Rampi Andrea, Tettamanti Alberto, Bertotto Ilaria, Comini Lara Valentina, Howardson Bright Oworae, Luparello Paolo, Di Santo Davide, Bondi Stefano
Otorhinolaryngology Unit, Division of Head and Neck Department, IRCCS San Raffaele Scientific Institute, 20132 Milan, Italy.
School of Medicine, Vita-Salute San Raffaele University, 20132 Milan, Italy.
Cancers (Basel). 2023 Dec 17;15(24):5871. doi: 10.3390/cancers15245871.
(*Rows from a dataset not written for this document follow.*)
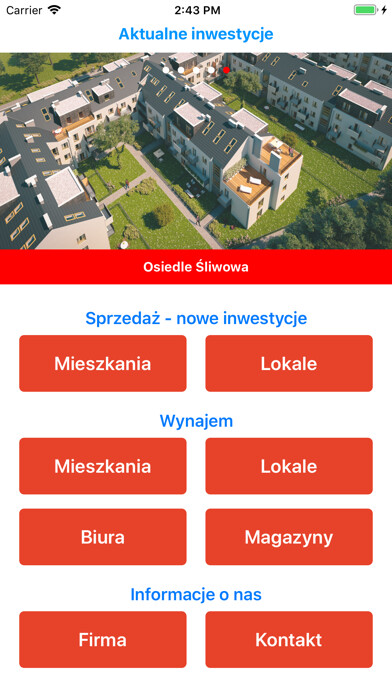 Run android online APK Deweloper-IS from MyAndroid or emulate Deweloper-IS using MyAndroid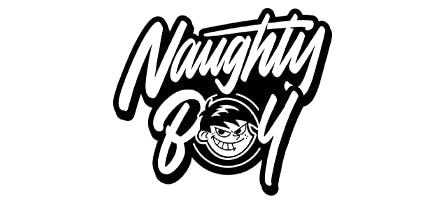 Naughty Boy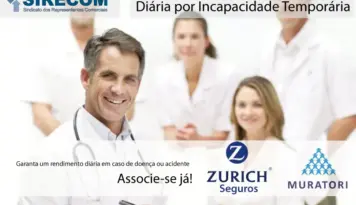 DIT - Diária por Incapacidade Temporária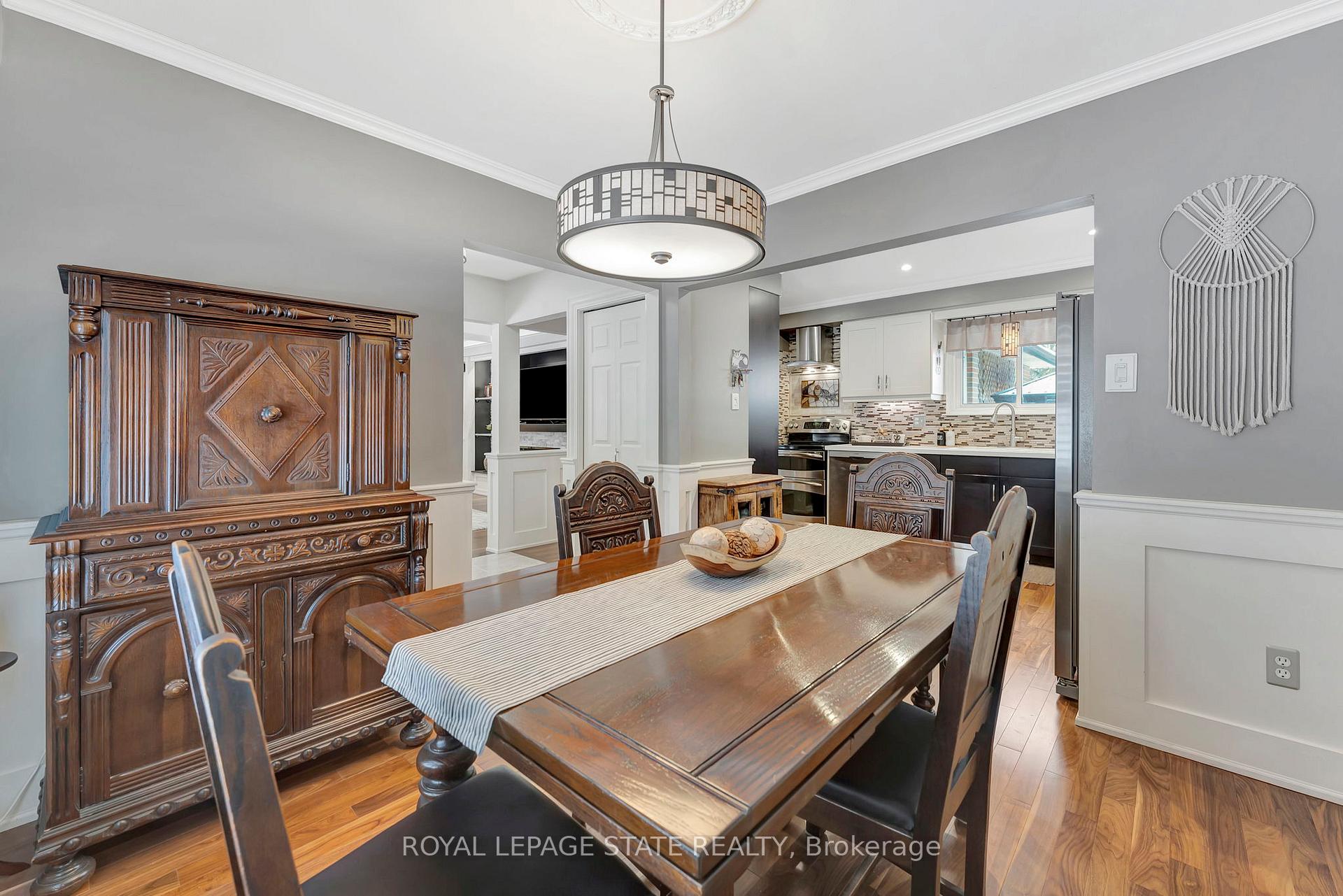 Photo 13 of 1457 Dewbourne Crescent, Burlington, Palmer — HOMEH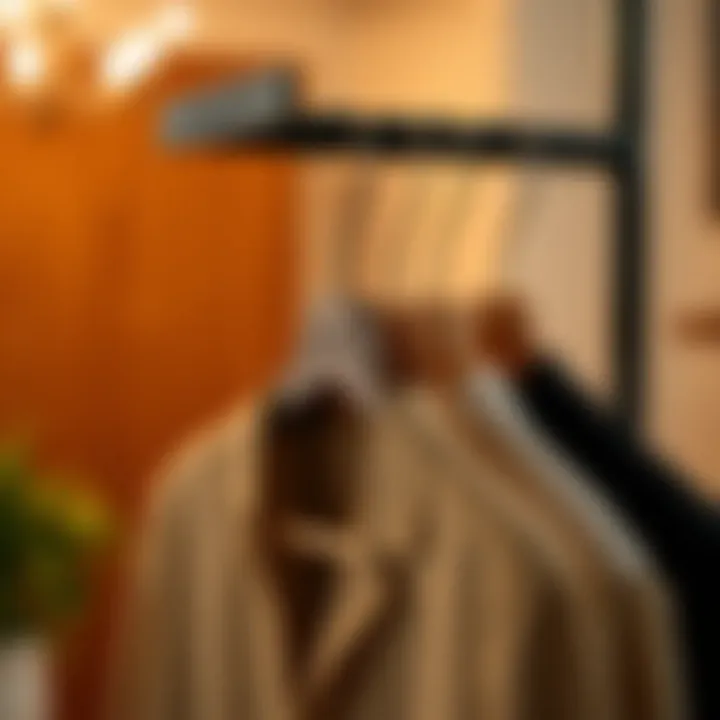 Exploring the Best Hangers for Shoulder Bumps: A Comprehensive Guide Summary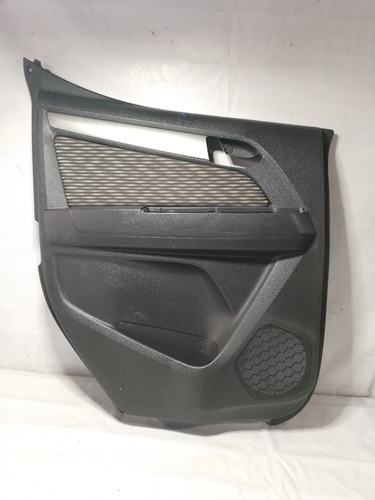 Tapa Puerta Tras/izq Chevrolet Colorado 3.6 13-15 Original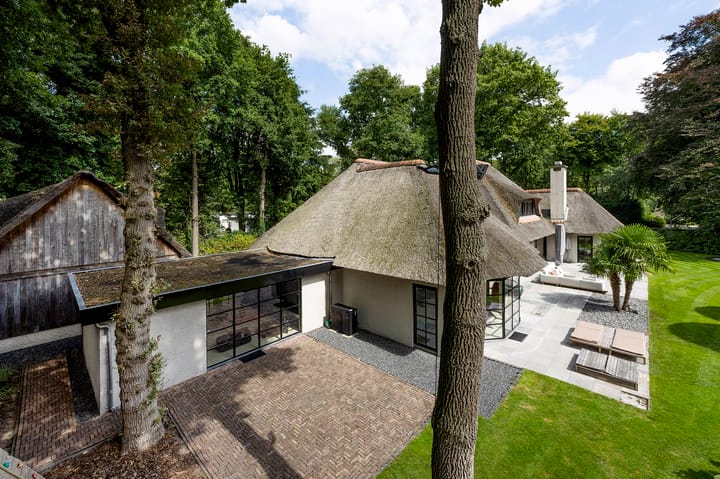 Foto 70 van De Ginckellaan 10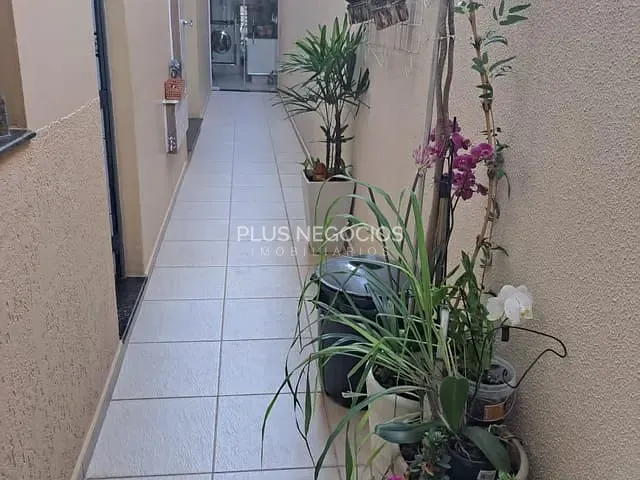 Sobrado com 125m² 3 quartos e 2 banheiros, à venda, no bairro Vila Netinho em Sorocaba
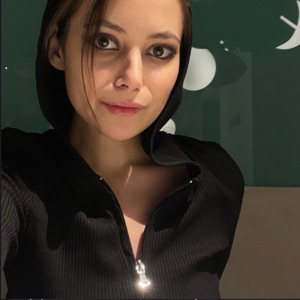 Элиза Валенсия | Сетка — социальная сеть от hh.ru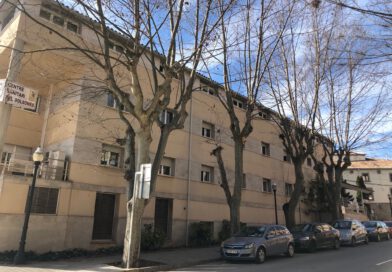 La CUP no veu amb bons ulls el traspàs de la gestió del Centre Sanitari a Althaia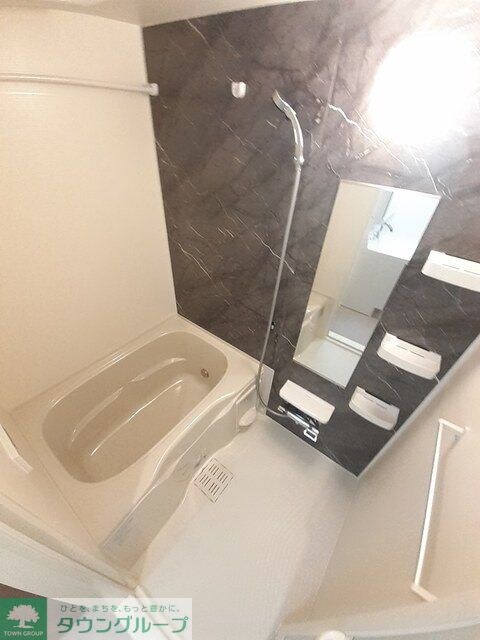 シャン ド フルールの物件内観写真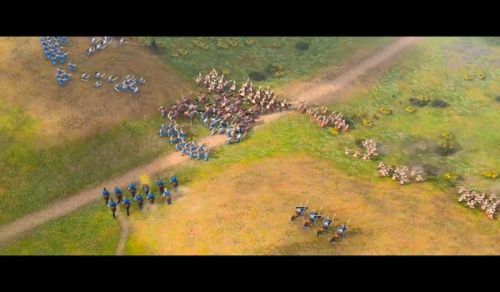 The Lesson of the Battle of Ayn Jalut is that the Large Armies of the Ummah, Need a Brave Khaleefah Rashid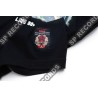 Koszulka Bracia Figo Fagot - BFF Live 30% czarna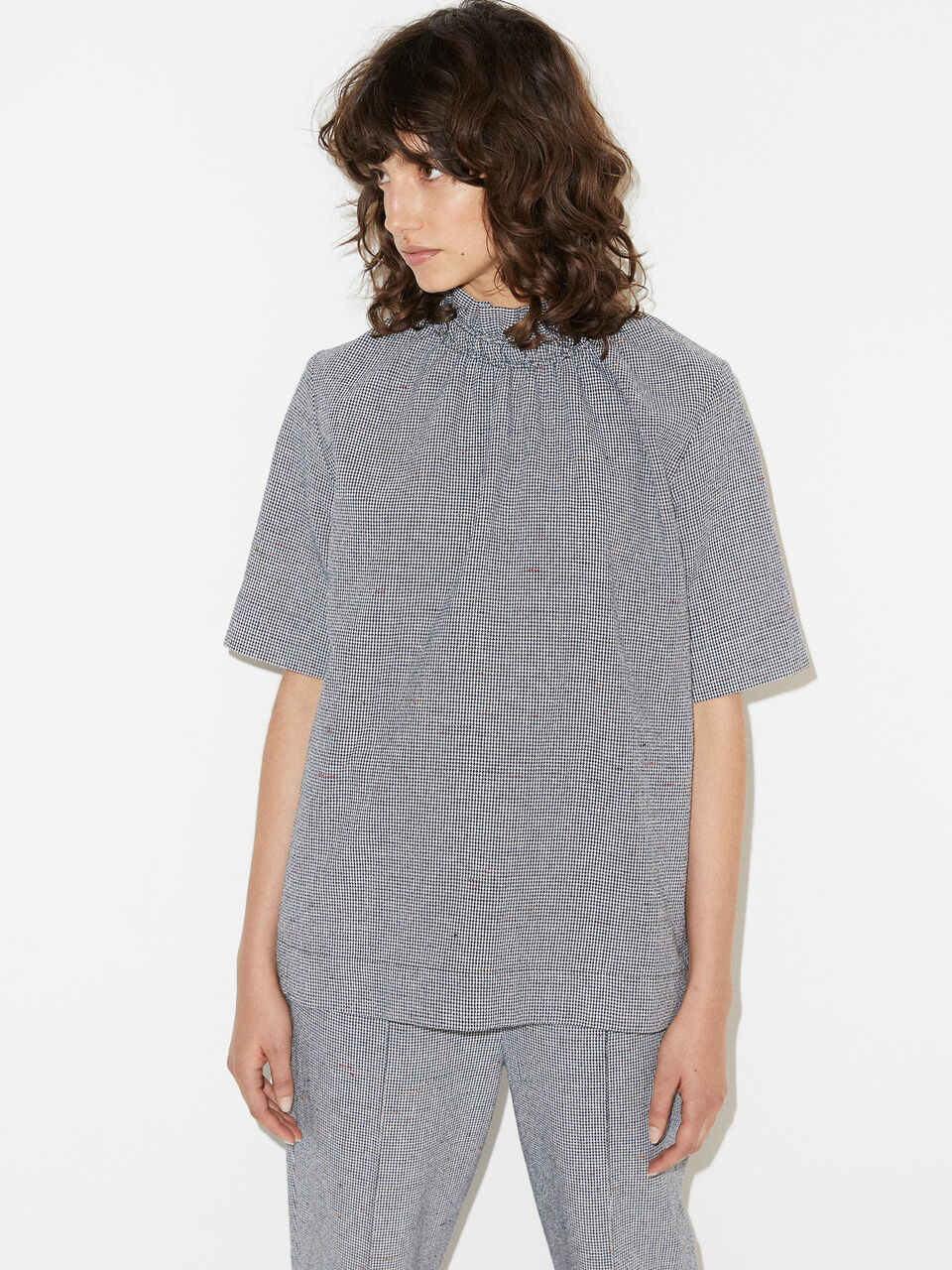 Fraction top Fraction top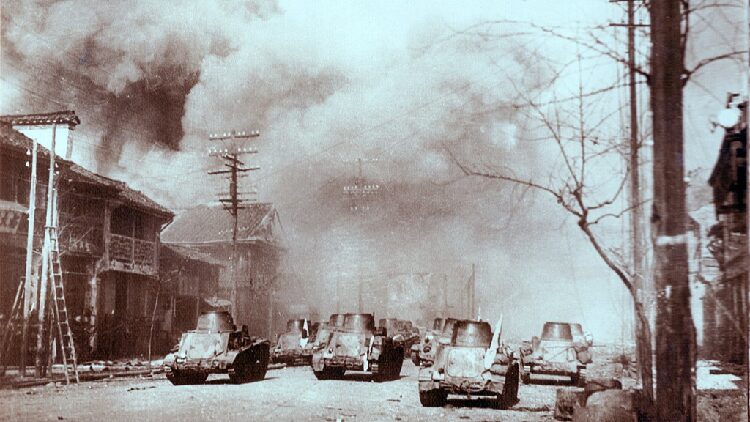 # - My News! Scholars Experts Call on Japan to Confront Wartime History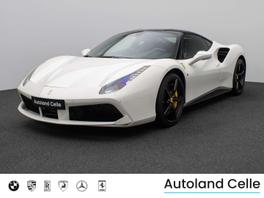 Ferrari 488 - 2016 - Joinsteer - #1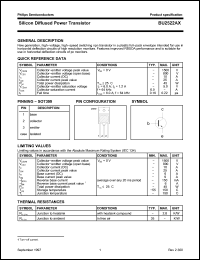 Click here to download BU2522 Datasheet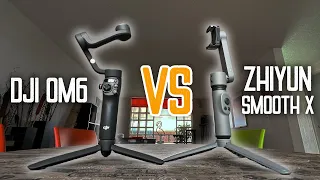 Gimbal CARO vs BARATO, ¿realmente necesitas gastar?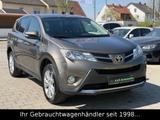Toyota RAV 4 2.2 D Edition 4x4 * KAMERA/NAVI * - Toyota RAV 4: Edition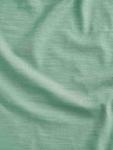 Рубашка Organication, пастельно-зеленый - фото 8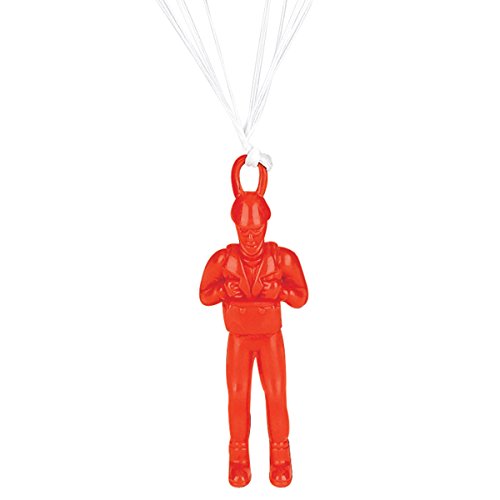 Creativity for Kids Parachute Fliers Kit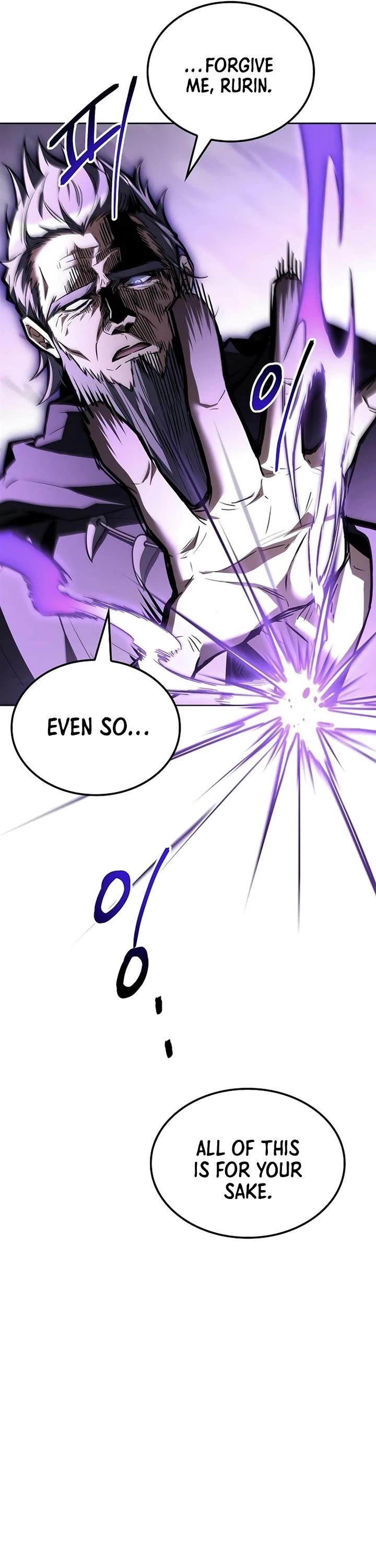 The Archmage's Restaurant Chapter 147 page 19 - Chapter 147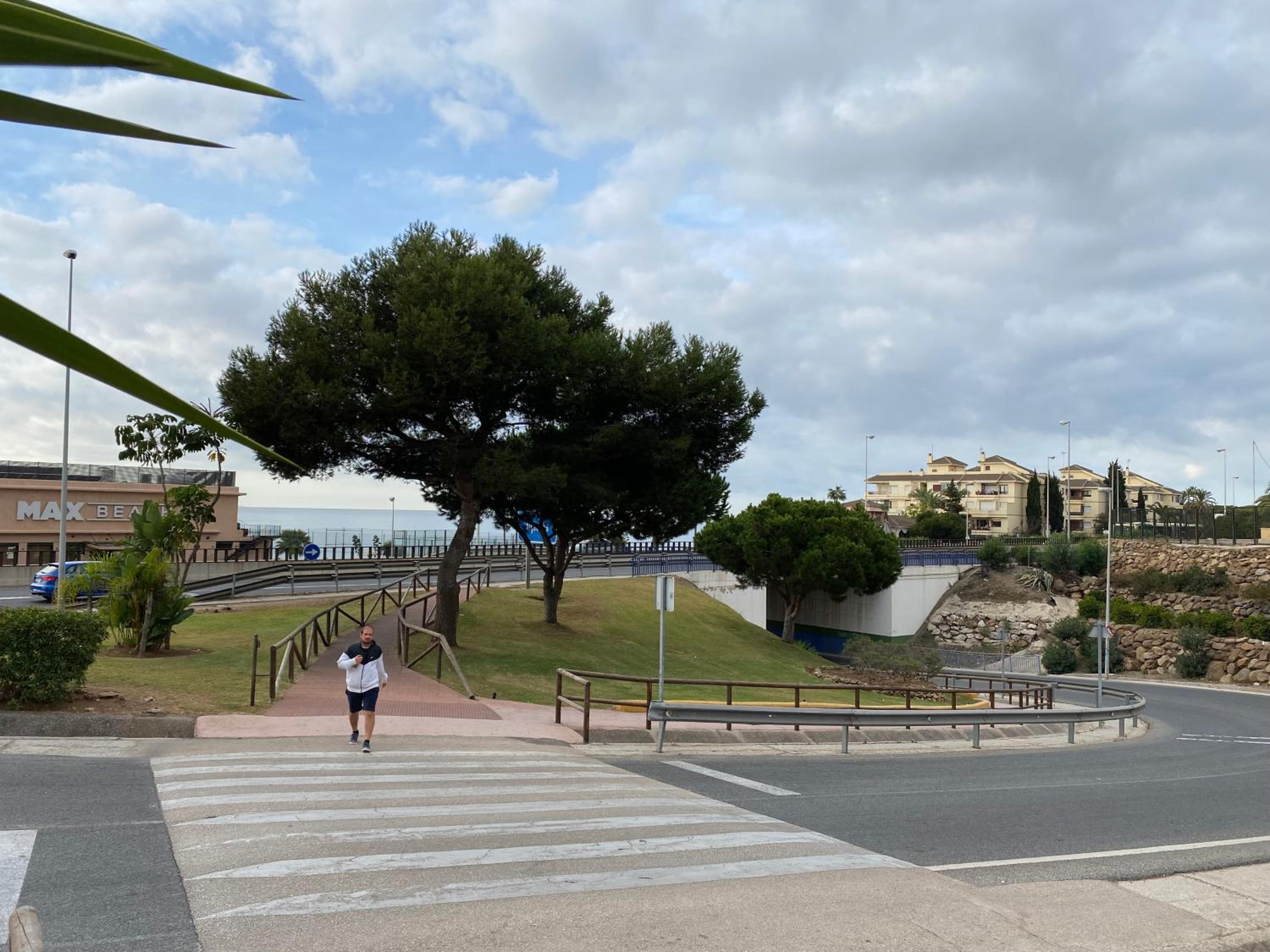Super Holiday Lubina Sol Mijas Beachfront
Tongue abscesses are rare conditions that usually follow mucosal disruption due to mechanical trauma or foreign body impaction. They typically manifest abruptly as a rapidly growing, hard mass or swelling in the context of tongue muscles; the patient frequently complains of pain, difficulties in swallowing or speaking, and fever. Nonetheless, the features of its presentation, together with accurate clinical evaluation, blood tests, and appropriate imaging tests, are usually sufficient to easily discern a tongue abscess from a malignancy. However, in rare cases, they may occur with slowly progressing and subtle symptoms, nuanced objective and laboratory findings, and inconclusive radiological evidence, leading to difficult differential diagnosis with submucosal malignancy. Herein, we review the literature, available on Pubmed, Embase, and Scopus, on publications reporting tongue abscesses, with atypical presentation suggesting an oral tumor. Our review confirms that tongue abscesses may manifest as a slowly growing and moderately painful swelling without purulent discharge and minimal mucosal inflammation; in this case, they may constitute an actual diagnostic challenge with potentially severe impact on correct management. Atypical tongue abscesses must therefore be considered in the differential diagnosis of tongue malignancy with submucosal extension, even when other diagnostic elements suggest a neoplasia; in this case, a deep biopsy under general anesthesia is essential for differential diagnosis, and simultaneous drainage of the necrotic and abscessual material may resolve the condition.
舌部脓肿是一种罕见病症,通常继发于机械性创伤或异物嵌塞导致的黏膜破损。它们通常突然表现为舌肌部位迅速增大的硬块或肿胀;患者常主诉疼痛、吞咽或说话困难以及发热。尽管如此,其临床表现特征,连同准确的临床评估、血液检查和适当的影像学检查,通常足以轻松区分舌部脓肿与恶性肿瘤。然而,在罕见情况下,它们可能表现为症状进展缓慢且不明显,客观和实验室检查结果细微,影像学证据不明确,从而导致与黏膜下恶性肿瘤的鉴别诊断困难。在此,我们回顾了在PubMed、Embase和Scopus上可获取的关于报告舌部脓肿且表现不典型提示口腔肿瘤的文献。我们的综述证实,舌部脓肿可能表现为生长缓慢、疼痛程度中等的肿胀,无脓性分泌物且黏膜炎症轻微;在这种情况下,它们可能构成实际的诊断挑战,对正确治疗有潜在的严重影响。因此,在鉴别诊断伴有黏膜下扩展的舌部恶性肿瘤时,即使其他诊断因素提示为肿瘤,也必须考虑非典型舌部脓肿;在这种情况下,全身麻醉下的深部活检对于鉴别诊断至关重要,同时引流坏死和脓肿物质可能会使病情得到缓解。